Los mecanismos ideologizadores del linchamiento
Hay
desde luego distintas formas de rechazar el dominio de las elites
político-financieras, unas más prácticas o útiles que otras, pero
dejaremos esa discusión para otro momento. Importa entender los
mecanismos por los que la gente ha generado las percepciones más
enconadas contra los manifestantes que han pasado a la acción directa.
Lo primero que cabe apreciar es la creación del enemigo público a través
del mecanismo que Zizek denomina "capitonnage", que es la operación
mediante la cual identificamos o construimos una sola agencia que jala
los hilos detrás de una multitud de oponentes. En el imaginario
colectivo acrítico, esa agencia es EL violento. Los radicales, ultras o
extremistas son equiparados a las figuras del vándalo, el provocador, el
porro y el infiltrado; se considera que su función exclusiva es
provocar y legitimar la represión contra las expresiones válidas o
tolerables del movimiento, que sólo pueden ser las que se asumen como
pacíficas y democráticas. Desde este horizonte, las posturas antisistema
y a favor del uso de la violencia política son esencialmente
inadmisibles e injustificables, al margen de las condiciones
sociopolíticas y económicas que las generan.
El
capitonaje se complementa con una operación mental más generalizada,
que se produce en contextos de desinformación o, como en nuestro
tiempos, de exceso de información, y es por lo general un barómetro para
medir la falta de credibilidad del gobierno y los medios. Me refiero
por supuesto a la teoría de la conspiración, que es el medio en el que a
nivel del imaginario se procesan todos los acontecimientos importantes
de la vida pública. De forma apriorística se parte de que las versiones
oficiales ocultan la verdad de los hechos, detrás de los cuales siempre
está un grupo de poder con fines truculentos (v. gr. el salinismo) o uno
con intereses económicos obscuros (v. gr. el lobby judío). En el caso
de la revuelta, el gobierno es el creador de su propio enemigo, con el
objetivo de generar cortinas de humo para encubrir acciones que
presuntamente se llevan a cabo o se planean de forma subterránea. Desde
las guerrillas de los setenta hasta los combatientes del 1o de
diciembre, pasando por el EZLN y el EPR, todos los rebeldes han estado
bajo la sospecha de ser creaciones gubernamentales (sospecha que casi
siempre es infundada y se basa en conjeturas paranoicas ajenas a la
investigación de fondo).
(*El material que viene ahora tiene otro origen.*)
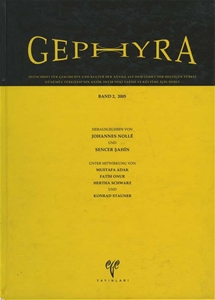 GEPHYRA Band 2 2005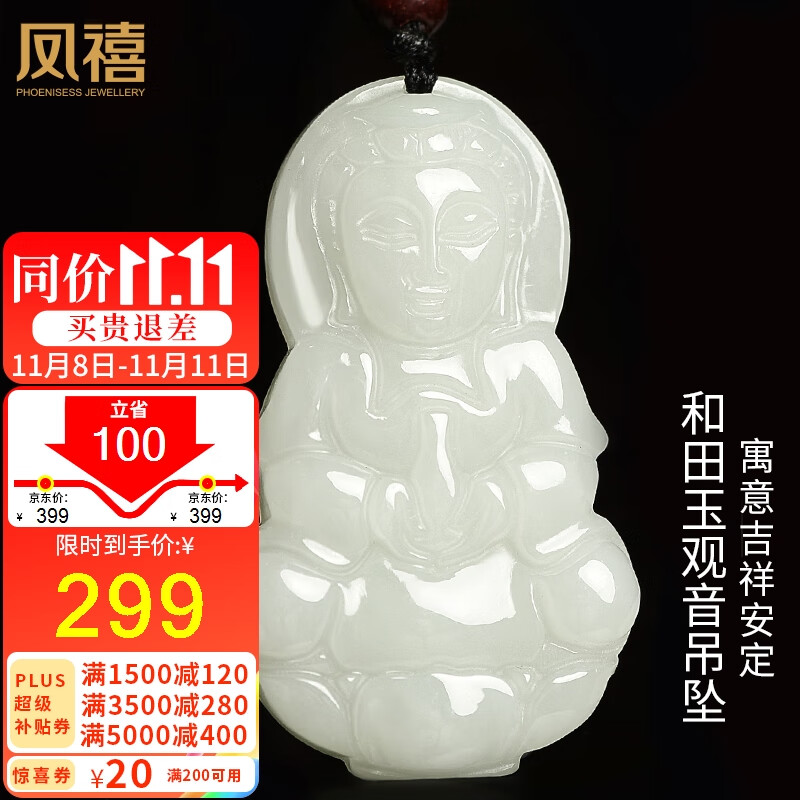 凤禧珠宝和田玉吊坠玉观音玉坠玉佩男女款生日节日礼物送男友老公高性价比高么？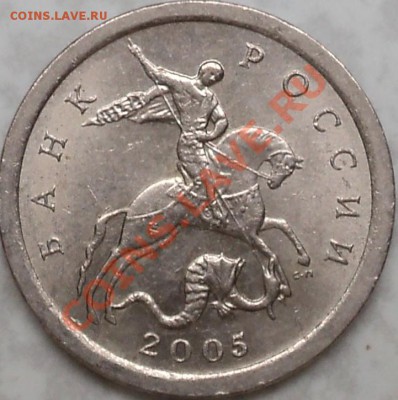 1 копейка 2005 СПМД.Шт.3.21А.Со 150 рублей!!! - DSC08434.JPG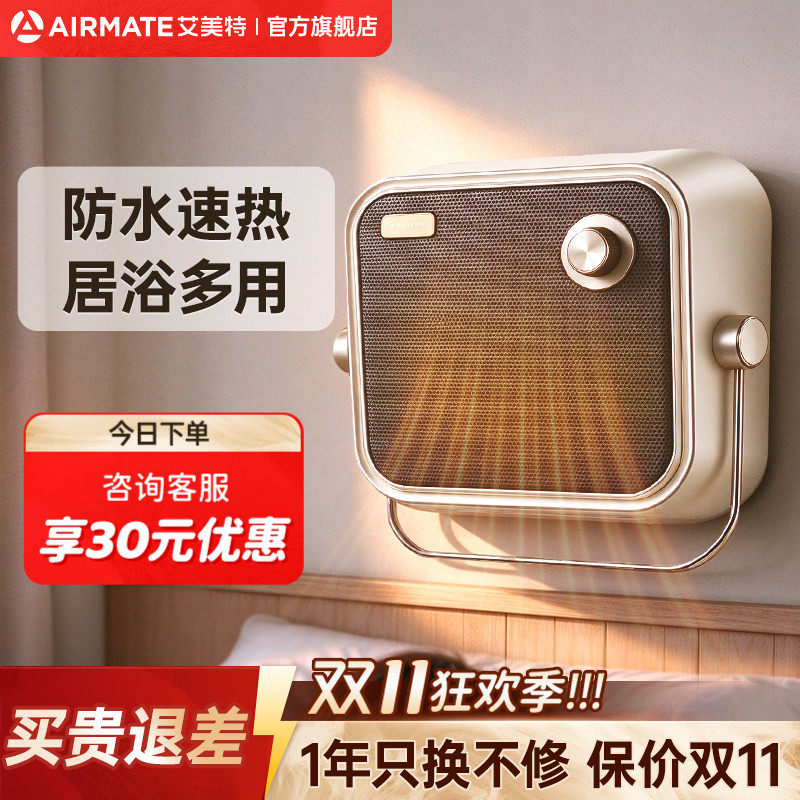 艾美特石墨烯浴室暖风机家用节能小型取暖器防水电暖器小太阳K146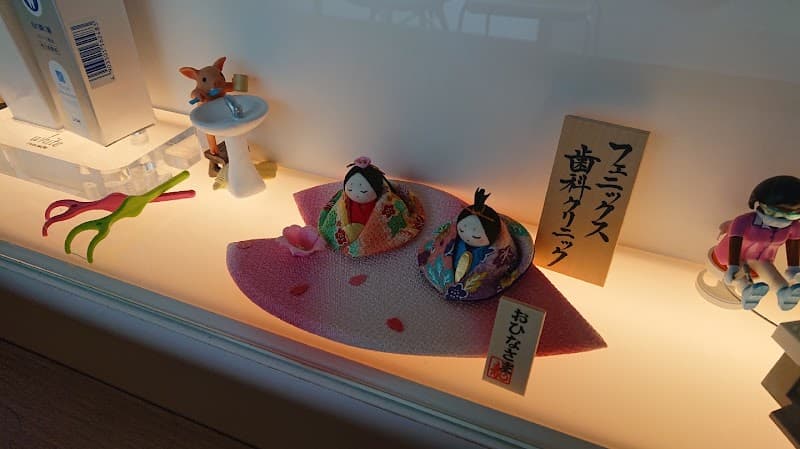 フェニックス歯科クリニック
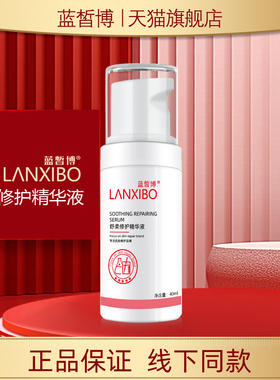 LANXIBO蓝皙博舒柔修护精华液40ml保湿舒缓修护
Los defensores de estas teorías conspiranoicas
no ven la afectación real que EL violento provoca a los intereses
institucionales y económicos, y hacen caso omiso de la reacción
represora que desata el Estado; para ellos lo importante es haber
descubierto el verdadero origen y razón de ser de las cosas, detrás de
lo evidente, pues sienten que eso les anota un triunfo frente al
gobierno y la prensa que les miente. Así, no importa cuán absurdas e
incoherentes sean las formulaciones de los conspiranoicos, ellos siempre
son capaces de inventar una nueva pieza que encaja perfectamente en su
rompecabezas imaginario, estableciendo una cadena de causalidades
insólitas, que desafían las leyes de la probabilidad. La conspiranoia es
un arma tan peligrosa como la manipulación mediática, pues genera un
clima de sospecha que aisla socialmente a los rebeldes y facilita su
linchamiento. Entre el conspiranoico, el linchador mediático y el
primitivo no hay más que un paso. Desde luego, no se niega la presencia
de infiltrados en los movimientos sociales (siempre los ha habido y los
habrá), lo que se rechaza son las explicaciones de la lucha
social-radical como mero producto de la acción provocadora.
El
capitonaje y la teoría de la conspiración se ensamblan con la
explotación del sentimiento de la identidad o la unidad nacional. Se
fomenta la presunta identificación de los intereses de la sociedad con
los del Estado y la elite económica, bajo el supuesto de que la esencia
nacional hace que todos busquen un beneficio común. La lucha de clases
es suprimida bajo el fetiche de la estabilidad macroeconómica: si a los
dueños de la economía les va bien, la prosperidad debe irradiarse a los
demás... en algún momento a futuro, por el que vale la pena una espera
larga. De este modo, es común que aún la gente más pobre y maltratada
por el sistema se ponga en contra de EL violento y a favor de las elites
rapaces que la obligan a vivir la peor de las vidas posibles. EL
violento presuntamente atenta contra ese futuro de libertad y
prosperidad tan largamente prometido. El primitivo se aterra ante las
pérdidas materiales de los de arriba porque las ve como algo que puede
poner en riesgo su propio confort, aún si todo el confort que conoce
reside en ganar un salario mínimo y comprar electrodomésticos a plazos.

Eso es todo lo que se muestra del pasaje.